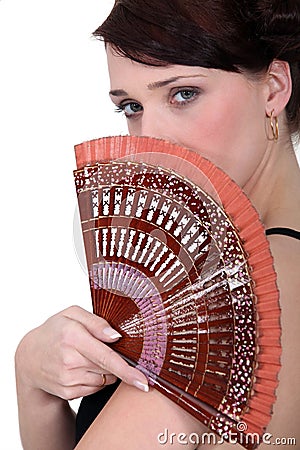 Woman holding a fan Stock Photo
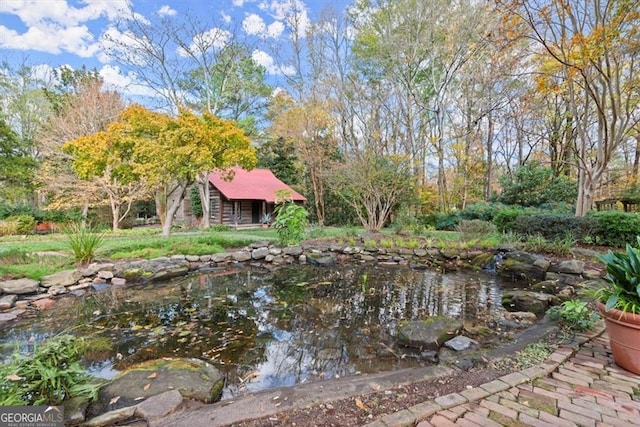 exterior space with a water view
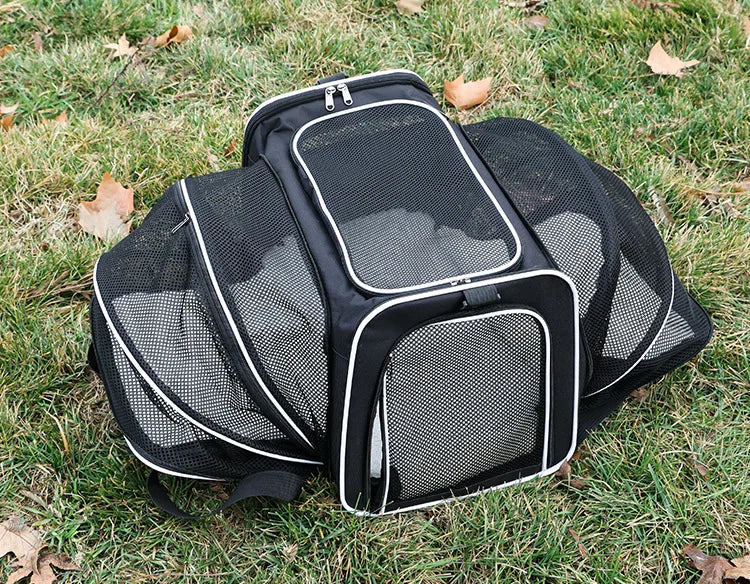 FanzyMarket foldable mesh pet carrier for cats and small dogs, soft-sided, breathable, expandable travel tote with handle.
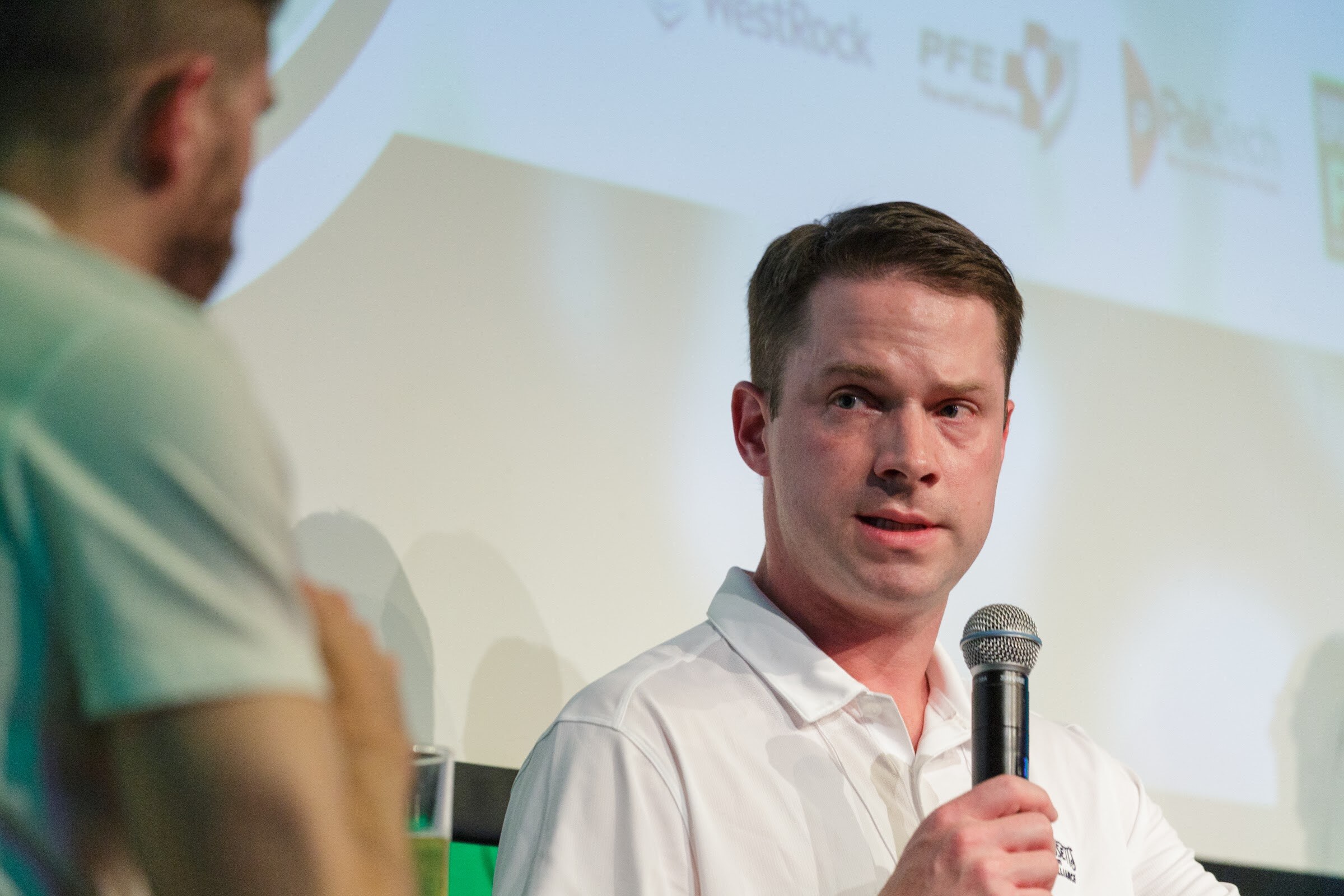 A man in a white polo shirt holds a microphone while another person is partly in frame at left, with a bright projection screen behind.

--

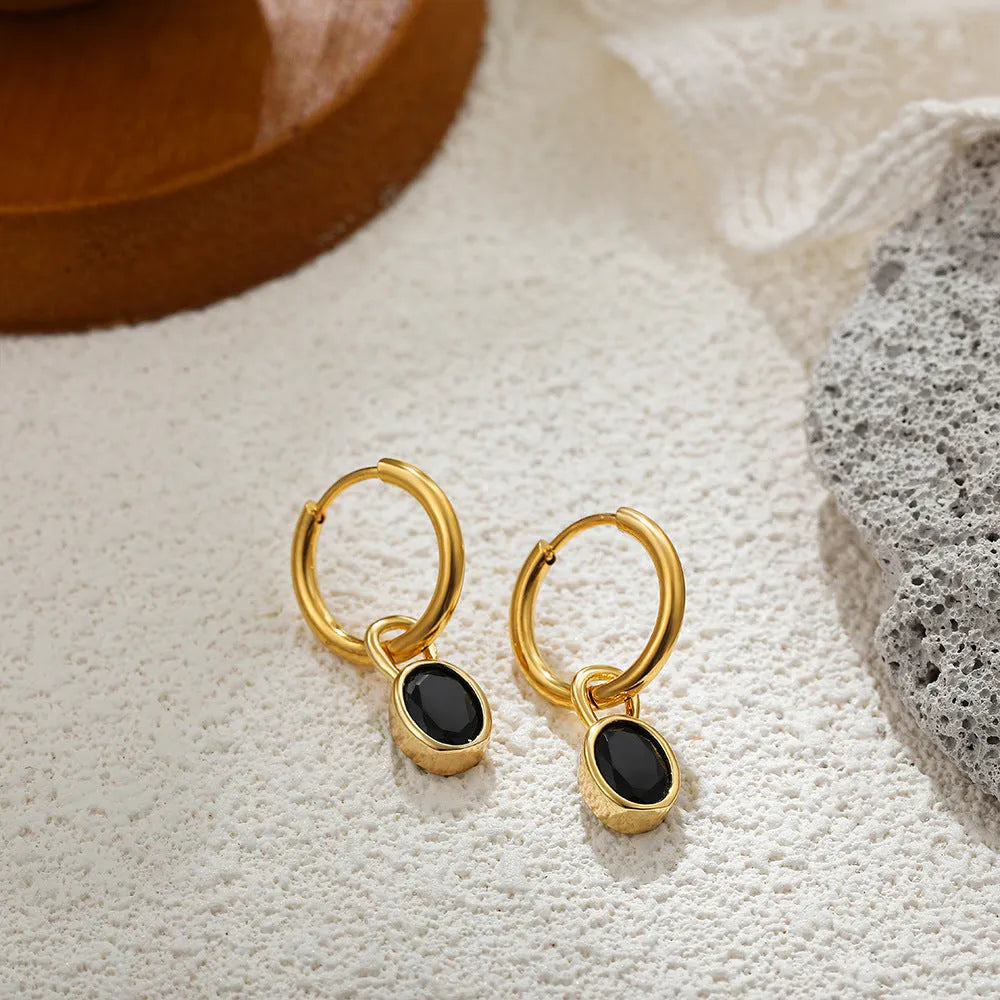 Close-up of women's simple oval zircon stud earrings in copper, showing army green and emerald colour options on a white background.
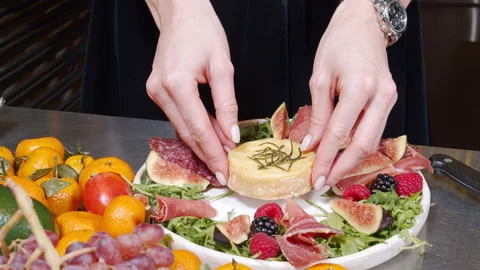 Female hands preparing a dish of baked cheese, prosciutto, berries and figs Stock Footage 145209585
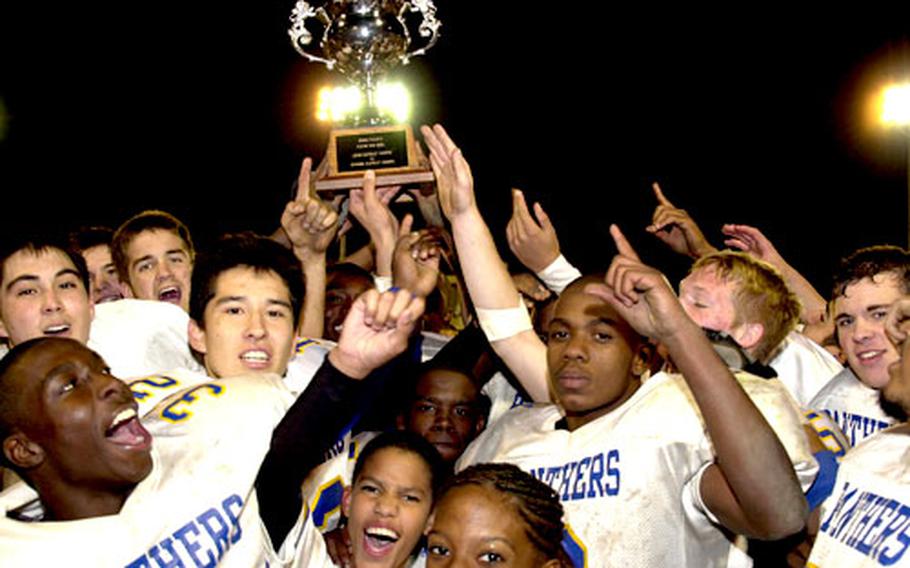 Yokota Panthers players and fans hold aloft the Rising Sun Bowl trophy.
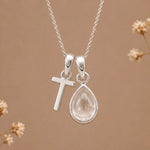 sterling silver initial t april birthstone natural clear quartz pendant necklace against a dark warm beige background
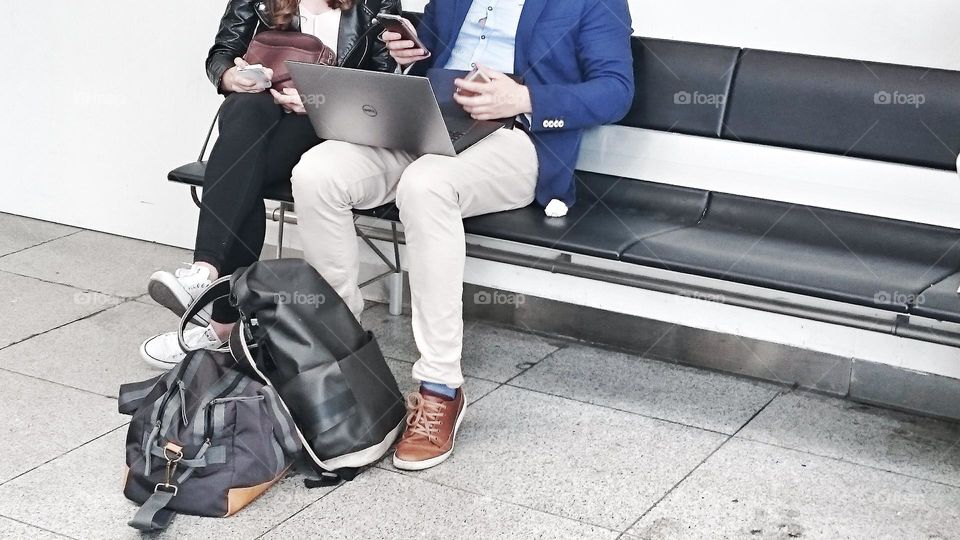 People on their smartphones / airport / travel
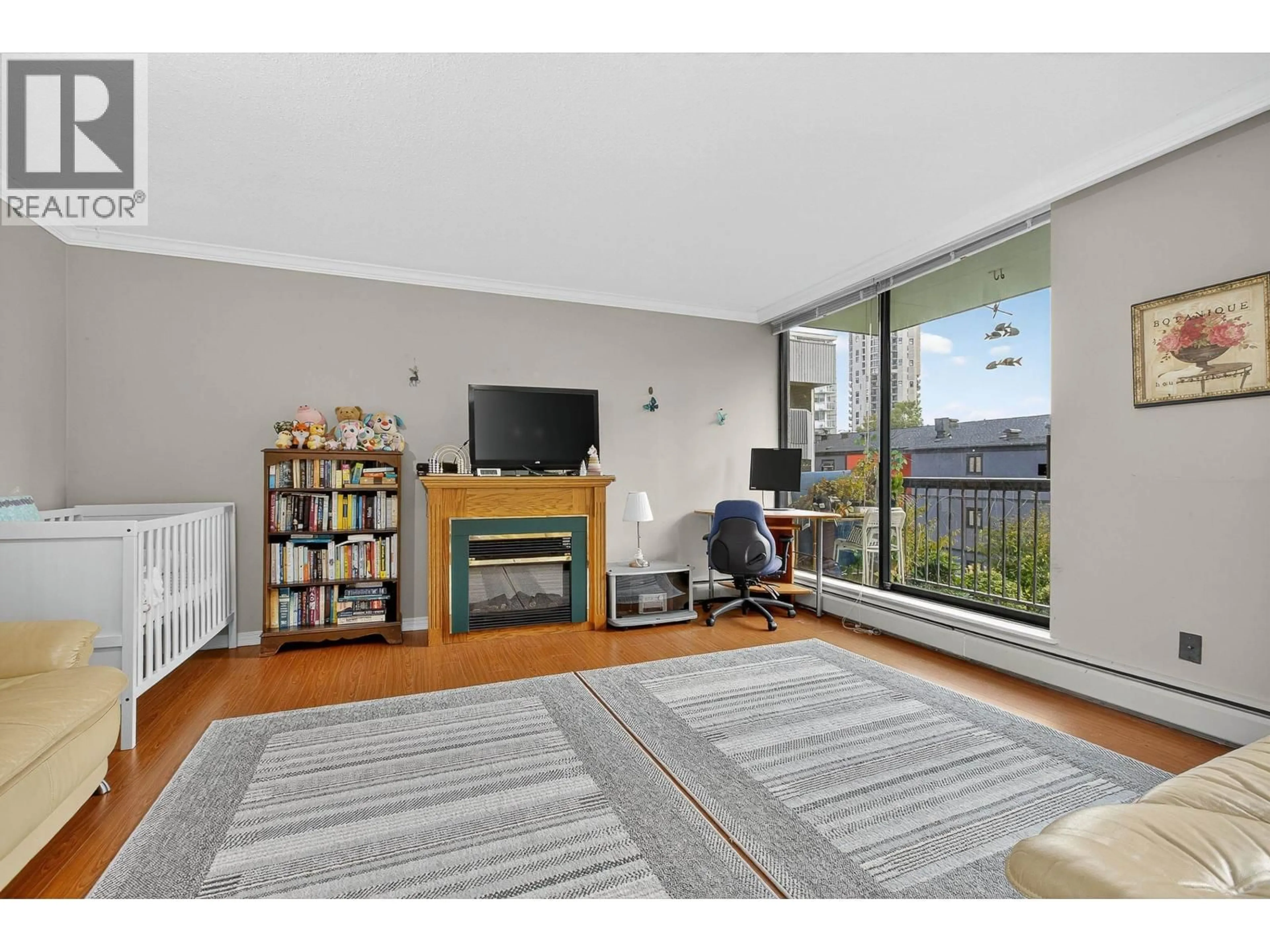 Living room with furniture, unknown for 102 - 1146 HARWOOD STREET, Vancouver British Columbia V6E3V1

§ **Exercise details**: Look above for the line with "Woman holding a fan Stock Photo" and the line with "A man in a white", then copy exactly the lines from the first through the second, both kept, with no pictures.

§ **Response to this exercise**:
 Woman holding a fan Stock Photo
 exterior space with a water view
 FanzyMarket foldable mesh pet carrier for cats and small dogs, soft-sided, breathable, expandable travel tote with handle.
 A man in a white polo shirt holds a microphone while another person is partly in frame at left, with a bright projection screen behind.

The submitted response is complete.